Winfrey, who hosted The Oprah Winfrey Show between 1986 and 2011 and is worth a reported $3bn from her television and business activities, secured 39.7 per cent of the global vote and 32.1 per cent of the UK vote.
Padding out the rest of the top five on a global basis were actress Gwyneth Paltrow (12.9 per cent), investor and sports team owner Mark Cuban (12.4 per cent), actress Kate Hudson (10.9 per cent) and fashion designer Stella McCartney (8.1 per cent).
When UK results were looked at in isolation, McCartney finished in second place behind Winfrey with 25.4 per cent, followed by Paltrow (16.7 per cent), Hudson (11.9 per cent) and musician-come-entrepreneur Jay-Z (10.3 per cent).

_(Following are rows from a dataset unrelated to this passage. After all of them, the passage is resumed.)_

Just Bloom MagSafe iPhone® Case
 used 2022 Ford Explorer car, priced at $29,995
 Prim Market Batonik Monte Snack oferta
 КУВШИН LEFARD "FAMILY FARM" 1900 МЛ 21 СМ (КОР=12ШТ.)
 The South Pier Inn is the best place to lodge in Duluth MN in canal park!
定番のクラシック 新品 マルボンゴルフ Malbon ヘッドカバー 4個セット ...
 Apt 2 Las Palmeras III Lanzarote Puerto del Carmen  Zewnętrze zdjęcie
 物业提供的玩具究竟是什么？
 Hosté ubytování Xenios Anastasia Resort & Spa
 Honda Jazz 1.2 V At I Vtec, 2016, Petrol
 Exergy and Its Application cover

When asked “Who do you least admire”, reality TV personality Kim Kardashian came in first place with a “landslide” 56 per cent of the vote. Donald Trump followed in second place with 27 per cent, with shamed US businesswoman Martha Stewart not far after.
To find out which celebrities small business owners thought had the best chance of making a success of their entrepreneurial endeavours, the question “Who should pursue their side-gig full-time” was posed.
Rap musician Dr. Dre secured 28 per cent to the vote for his work in creating a headphone brand that was ultimately sold for $3bn to Apple in May 2014. Actress Jessica Alba was also highly commended for co-founding successful lifestyle products company The Honest Co. and received 27 per cent of the vote.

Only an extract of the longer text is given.